Un tasso di inflazione a livelli elevati, che non accenna a diminuire, un’aumento vertiginoso dei prezzi e un potere d’acquisto che cala.
Confesercenti, dopo aver confrontato le stime di mercato e dati Istat, avverte che purtroppo il tasso di inflazione rimarrà al di sopra del 2% almeno nei prossimi anni, fino al 2025. Il rischio potenziale è quello che in tre anni da adesso vadano al macero almeno 10 miliardi di euro di potere di acquisto degli italiani e delle famiglie.
Tutto questo avrà effetti anche sul fisco. Non è un caso per esempio il taglio del cuneo fiscale previsto dal Governo, poiché in parte sarà proprio il fisco a eroderlo. Per questo non si ferma neanche la corsa dei prezzi, che sappiamo quanto metta in difficoltà e gravi sulle spalle delle famiglie e degli italiani.
La situazione così descritta ha conseguenze ovviamente anche a livello di calo dei consumi, perché cala il potere di acquisto, questo potrebbe in qualche modo rendere meno efficace quella che è la riforma fiscale in arrivo. Si attendono i dati Istat di maggio, ma la situazione dovrebbe rimanere tale.
C’è da aspettarsi probabilmente un tasso di inflazione che non sarà mai più basso.
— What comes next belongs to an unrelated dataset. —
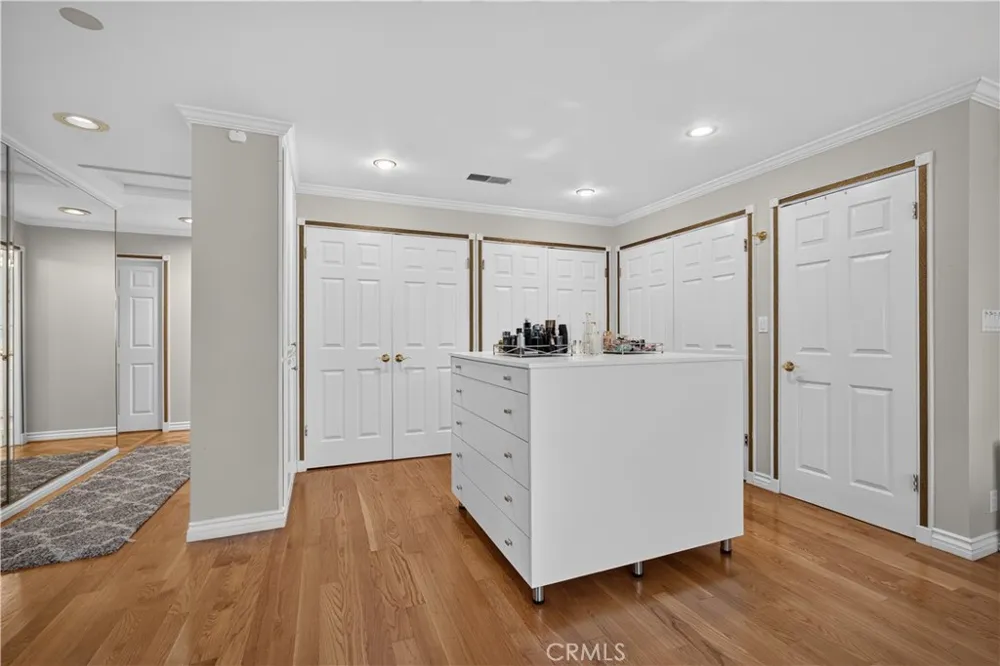 2484 Cameron Avenue Covina, CA 91724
Certo non come quanto registrato nel 2022, causa sicuramente diversi fattori, come la questione energetica, ma l’inflazione rimarrà quasi sicuramente e in maniera fissa a livelli più o meno elevati e bisognerà impararci a convivere, specie con i suoi effetti.
Ma dati alla mano, vediamo cosa Confesercenti prevede in termini di cifre e numeri. Per il 2023 ci si aspetta un tasso di aumento dell’indice dei prezzi almeno del +5,7%, per il prossimo anno del +3,8% e nel 2025 del +5,7%. Il 2026 dovrebbe essere l’anno più equilibrato perché dovrebbe mantenersi intorno al 2%, quindi un tasso abbastanza stabile in ottica dei prezzi.
Ma in termini di capacità di acquisto degli italiani, tutto questo in cosa si traduce? Sempre Confesercenti, attraverso le sue stime, rileva che il potere di spesa delle famiglie italiane, risulterebbe compresso, nel periodo 2022-2025, almeno del 16% del reddito disponibile. Questo dato fa impressione se confrontato con un altro: nel periodo 2016-2019, la compressione sul potere d’acquisto degli italiani causata dal tasso di inflazione era stato dell’1,5%.
Il tasso di inflazione così elevato ha come altra conseguenza sicuramente il rallentamento del recupero di quelli che erano i livelli di consumo prima della pandemia di Covid in Italia, che si stima avverrà forse nel 2025. E rallenta anche il recupero verso quella che era la situazione precedente alla crisi finanziaria internazionale. Si spera quindi in riforme e provvedimenti da parte del governo per tutelare e salvaguardare il potere di acquisto delle famiglie.